* INFORMATION PROVIDED

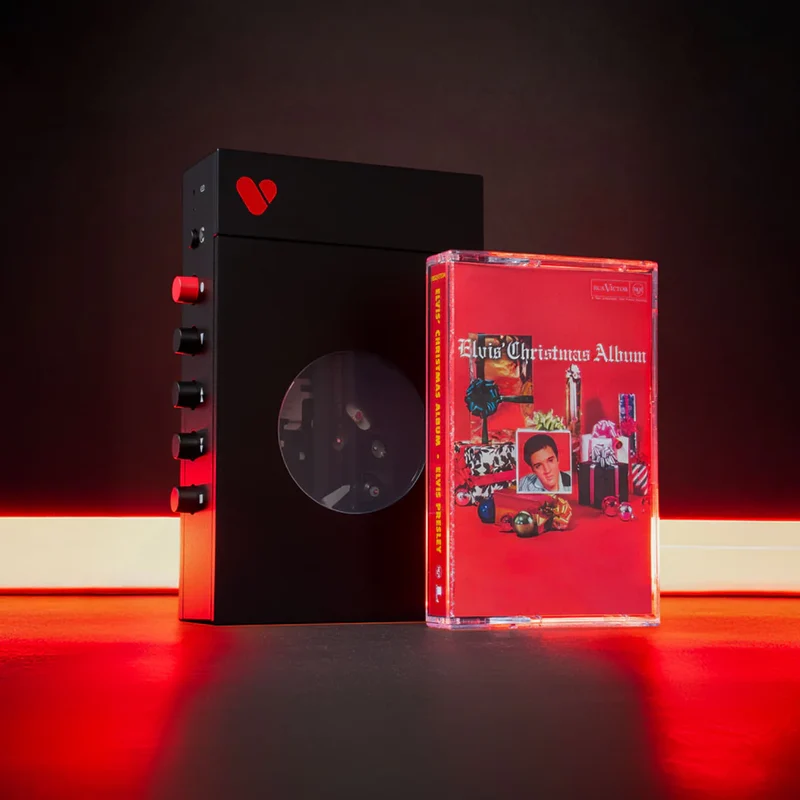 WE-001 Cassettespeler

==

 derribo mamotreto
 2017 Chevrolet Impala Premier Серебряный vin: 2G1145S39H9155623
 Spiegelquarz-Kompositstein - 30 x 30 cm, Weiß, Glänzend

* THE PROBLEM
Considering only the material above, set down every line from the one with "2017 Chevrolet Impala" to the one with "Spiegelquarz-Kompositstein - 30", inclusive, exactly as written.

* REPLY
 2017 Chevrolet Impala Premier Серебряный vin: 2G1145S39H9155623
 Spiegelquarz-Kompositstein - 30 x 30 cm, Weiß, Glänzend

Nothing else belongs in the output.